Samsung salvages recalled Note 7 phones for parts and metal

A Greenpeace protestor demands that Samsung recycle/reuse/rethink the recalled Note 7.

Andrew Hoyle/CNET

Wonder what happened to the millions of recalled Galaxy Note 7 devices that were maybe/maybe not on the verge of exploding? 

They didn’t just disappear off the face of the earth after Samsung recalled the device — twice — in the wake of battery defects that caused Note 7s to burst into flames. (In fact, the same battery issues caused Samsung’s own factory to catch fire back in February. Ouch.)

Samsung recently revealed its plans (Korean) to break down the recalled phones into component parts — like camera modules, chips, and displays — that can be reused or sold. 

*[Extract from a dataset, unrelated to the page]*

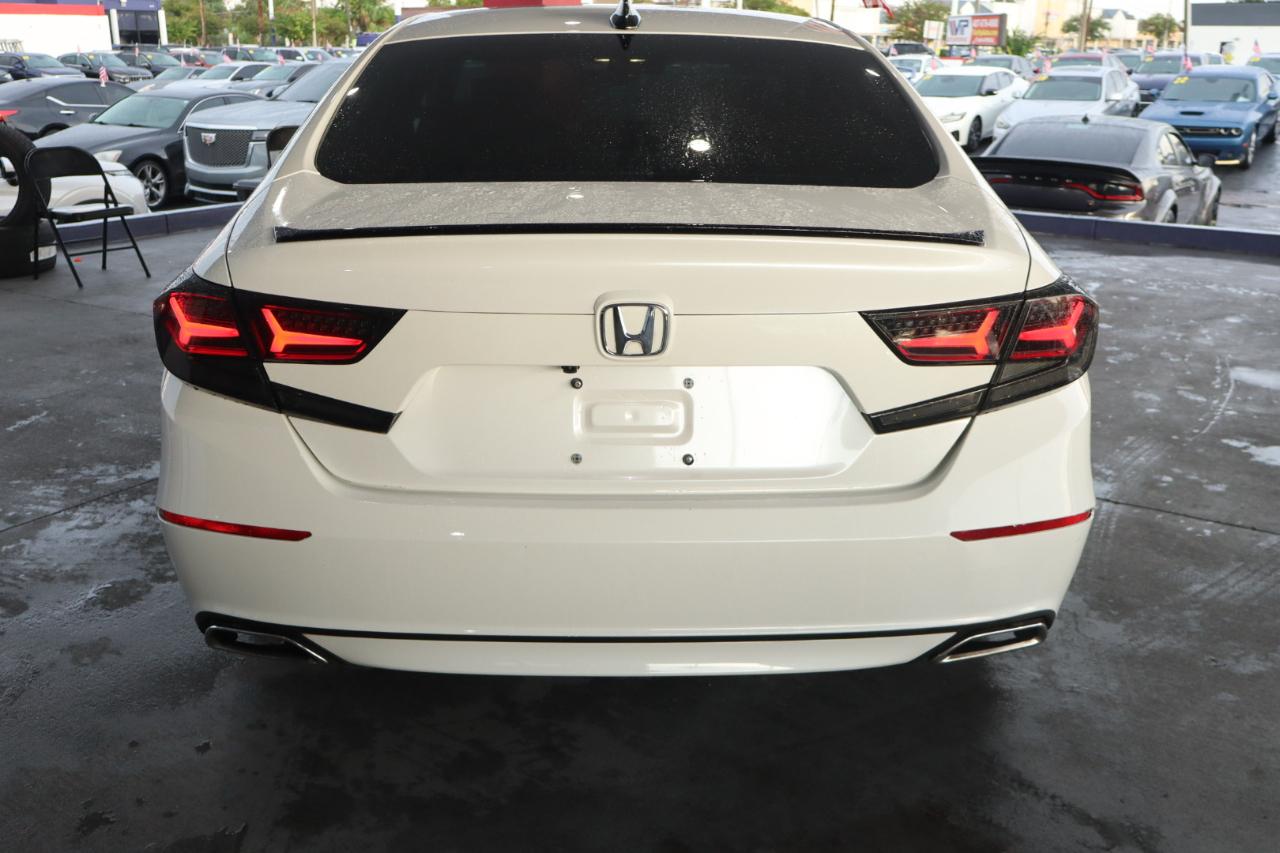 Honda Accord Sedan Sport 2.0T Auto 2022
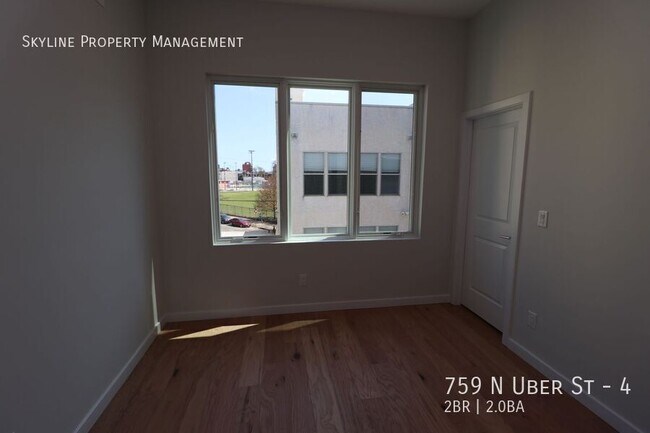 Building Photo - 759 N Uber St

The electronics giant further expects to recover 157 metric tons worth of rare metals, the company said in a statement. That’s a whopping 346,126 pounds of cobalt, copper, silver and gold that Samsung can extract from components that it can’t otherwise reuse.

Samsung’s announcement will help it lay the Note 7 debacle to rest as the company prepares for its upcoming Galaxy Note 8 launch in late August. Samsung itself had come under fire in the months since the Note 7’s recall, for keeping quiet on what it planned to do with the millions of recalled phones. In February, protestors from Greenpeace disrupted a major Samsung event and demanded that the Note 7 phones get recycled or reused, rather than turned into harmful electronic waste. 

Samsung also decided to refurbish some of the recalled Note 7 phones, and sell a safe version in some markets. Earlier this month the refurbished Galaxy Note 7 FE went on sale in South Korea. This phone is said to have gone under Samsung’s eight-point battery check to ensure its safety, but there’s no official word on when or if it’ll come to other countries.

We’ll soon find out if the Note 8 can redeem the Galaxy Note’s scorched reputation.

Samsung did not respond to a request for comment.